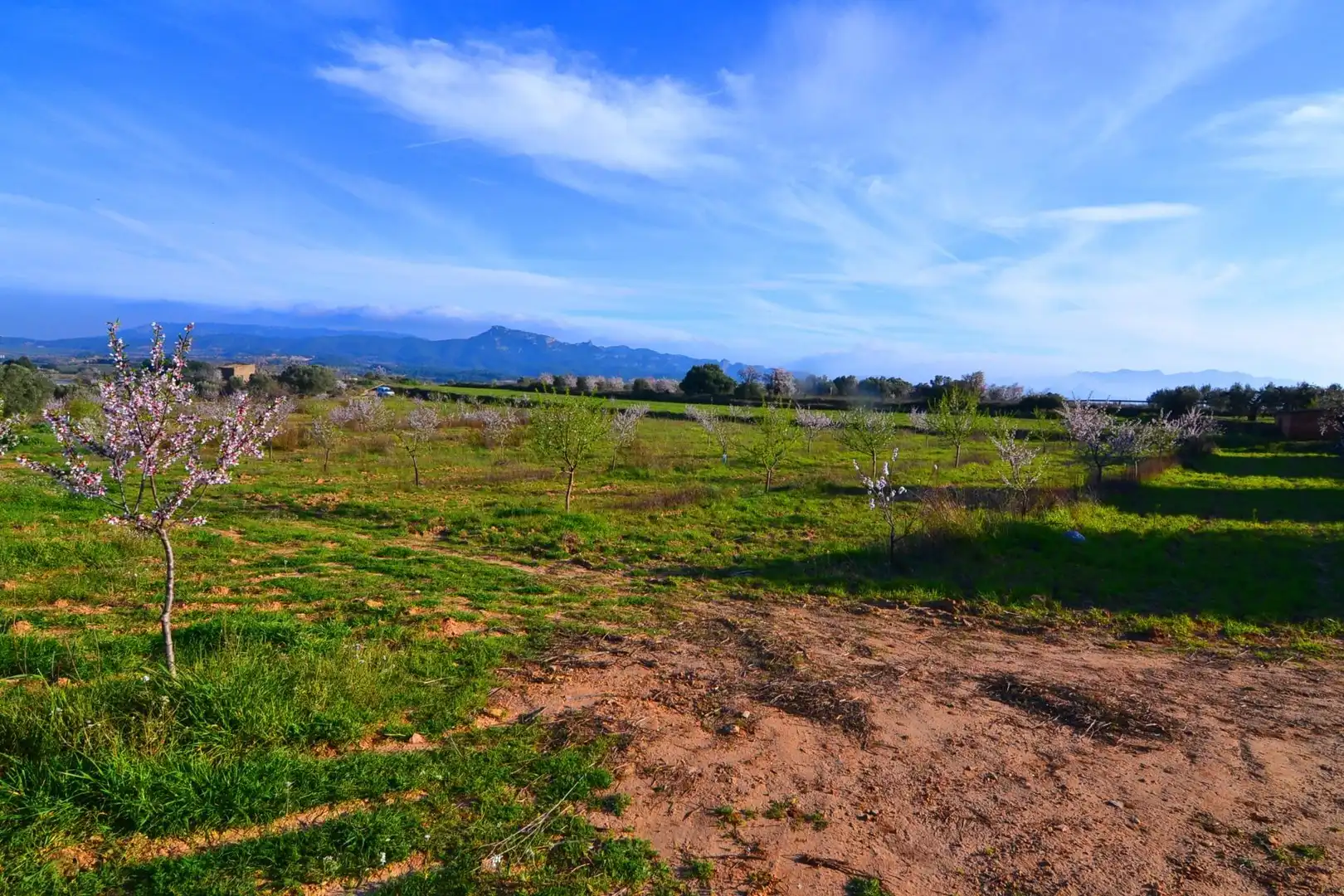 Rural land for sale in Gandesa, imagen 34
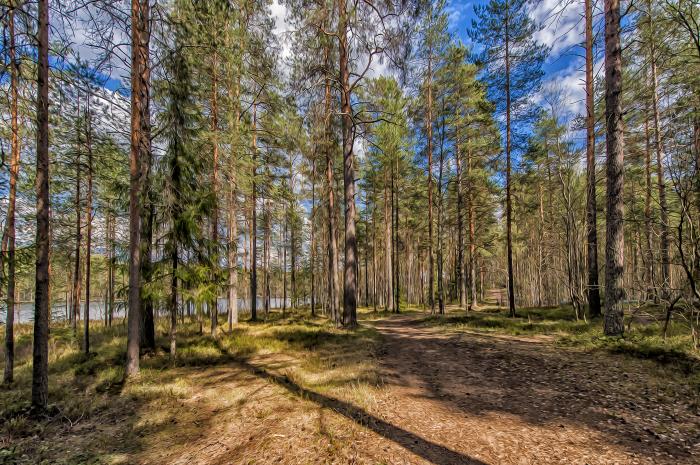 Купить Дом В Черемухово Курганской Области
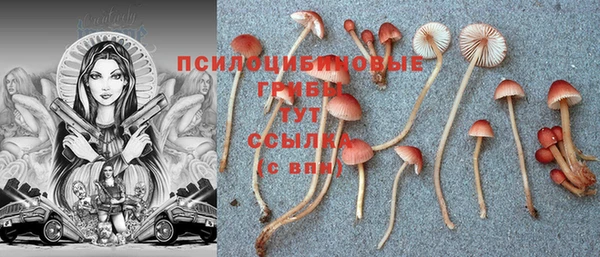 PSILOCYBIN Армянск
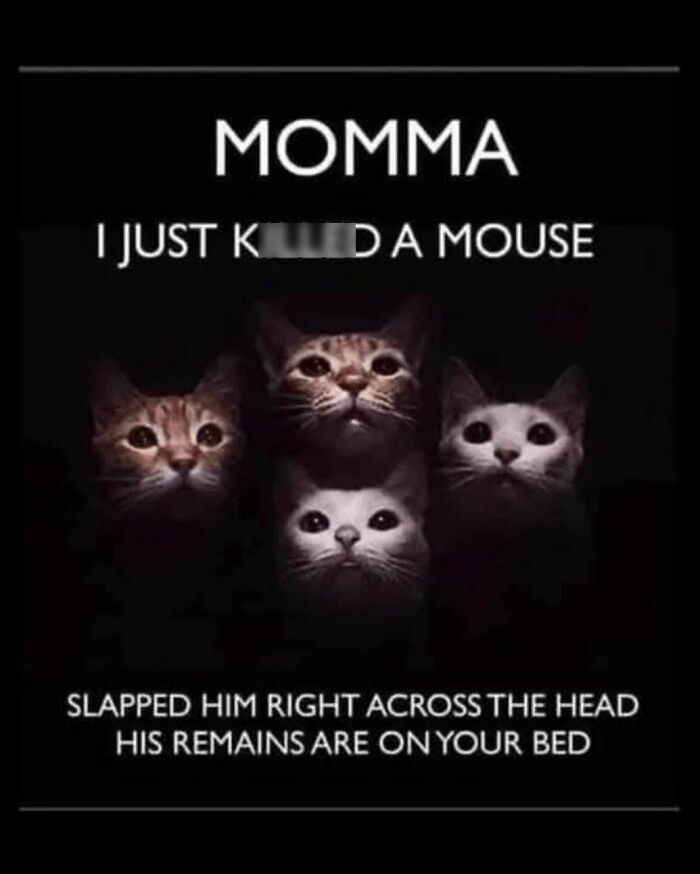 This Instagram Page With Over 4.8 Million Followers Is Delivering The Funniest Cat Memes On The Internet (25 Pics)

- **WHAT THE EXERCISE ASKS**
Without including any picture, set down the listing above exactly as it appears.

- **ANSWER SPACE**
 Rural land for sale in Gandesa, imagen 34
 Купить Дом В Черемухово Курганской Области
 PSILOCYBIN Армянск
 This Instagram Page With Over 4.8 Million Followers Is Delivering The Funniest Cat Memes On The Internet (25 Pics)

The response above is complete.